Pain Doré or Pain Perdu– Translated as golden bread, this is another name for French toast. It is made with breads soaked in eggs + milk and then fried.
Pain Fougasse and Fougassette– Originated in the city of Nice and other surrounding villages, these traditional breads were formerly just crusty bread made of baguette dough brushed with olive oil and flavoured with orange zest. Now, the recipes of fougasse breads have changed beyond recognition—with a variety of shapes, sizes and flavours.
Special French Breads:
Pain speciaux– Specialty breads contain added ingredients like unique mixtures of grains and seeds, added fats, sweeteners and dairy products.

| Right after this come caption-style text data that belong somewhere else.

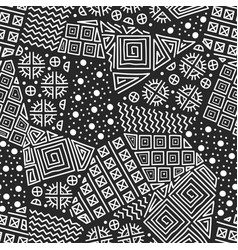 Mayan Patchwork Seamless Pattern Black And White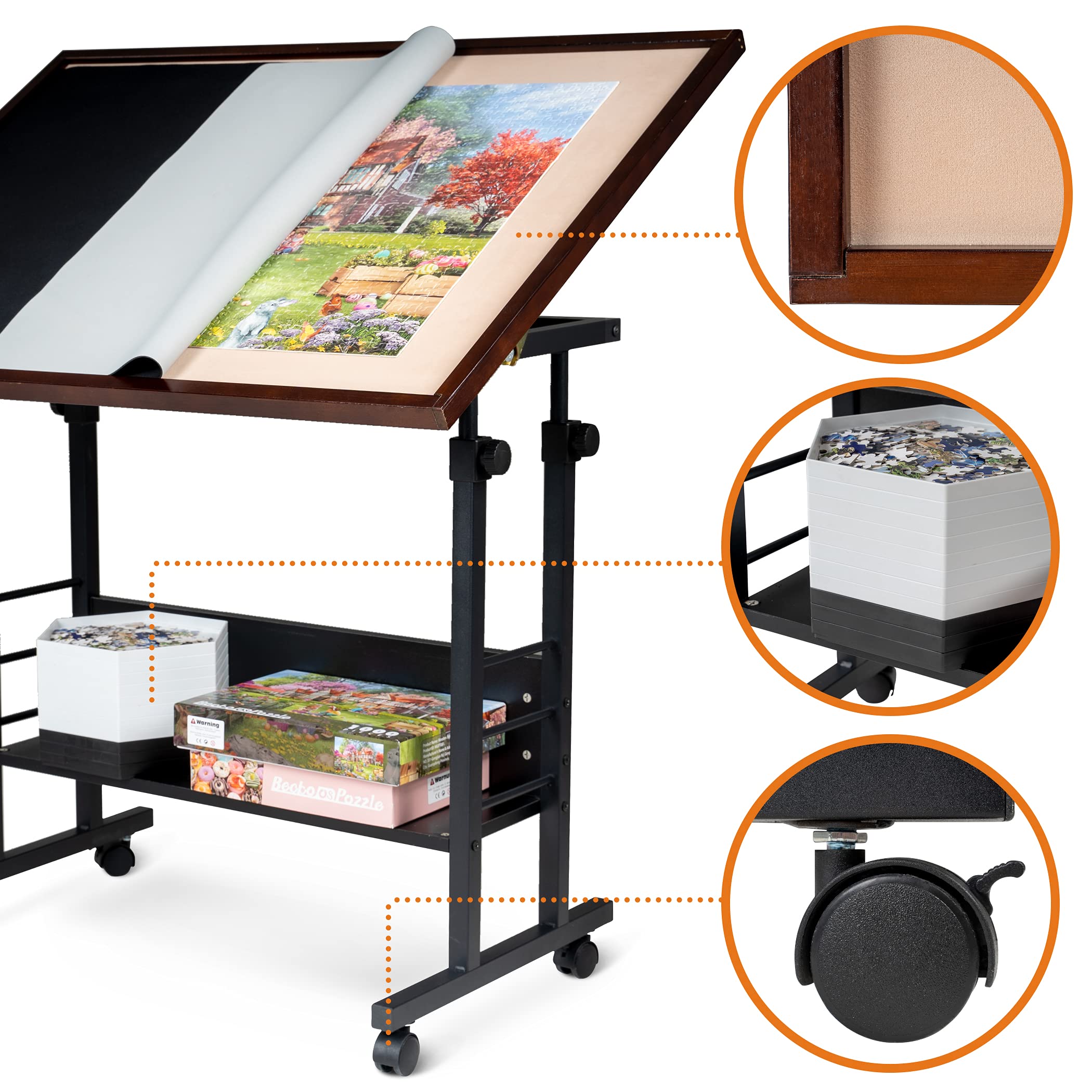 Becko US 1500 Piece Tilting Puzzle Table with Cover Mat, Puzzle Board with 5 Tilt Angle & Height Adjustment, Portable & Movable Tables with Legs & Storage for Adults, for 1500 Piece Jigsaw Puzzles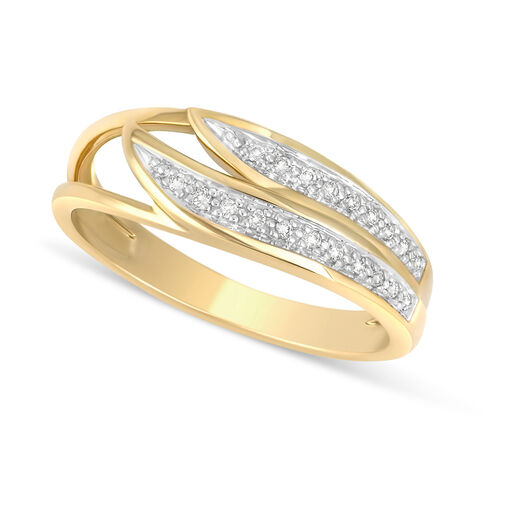 9ct Yellow Gold Diamond Open Wave Ring
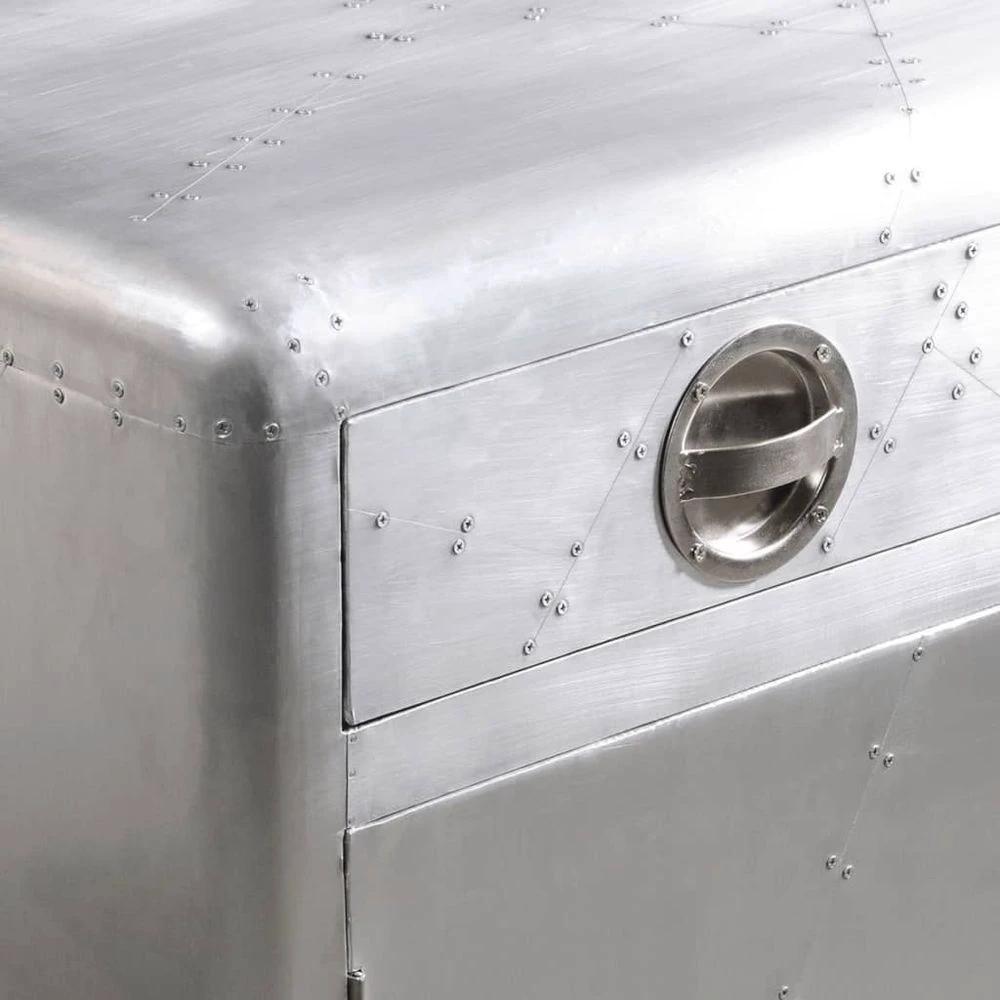 Aviator vidaXL Sideboard 3 Drawers Vintage Aircraft Airman Aluminium by vidaXL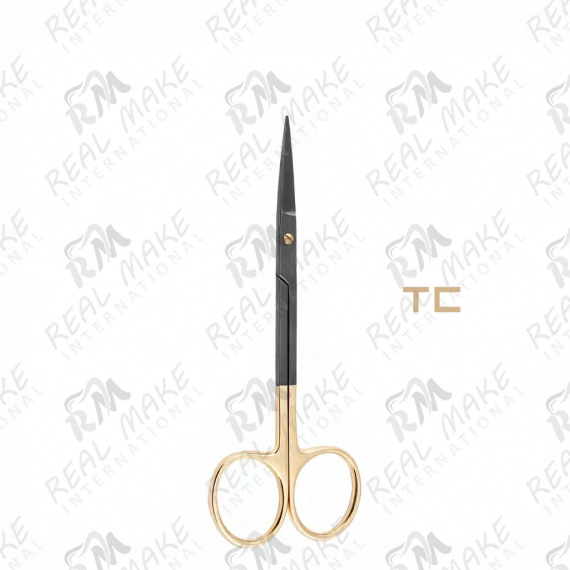 TC Iris Black Coated Scissors (Saw Edge, Straight)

Pain Croûte à Potage or a Potage son sous Béret– The bread crust that is used to cover soup and as beret literally translates to cap, it is the head covering. These coverings are rarely, if ever, eaten.
Gros Pain– It is literally translated to Large Bread. It is traditionally sold by weight and different shapes and sizes.
Pain sans Levain, Pain Azymes, or Pain Juif– Crudely translated as bread without the “Levain” meaning unleavened bread. These breads are not prepared with the help of raising agents like yeast.
Petit Pains– Translated as “little bread or bread rolls” is France have different names, for each shape and each recipe used for the traditional bread rolls offered in restaurants or sold in supermarkets.
Well, this took ‘le pain’-fully long, am I right or am I right?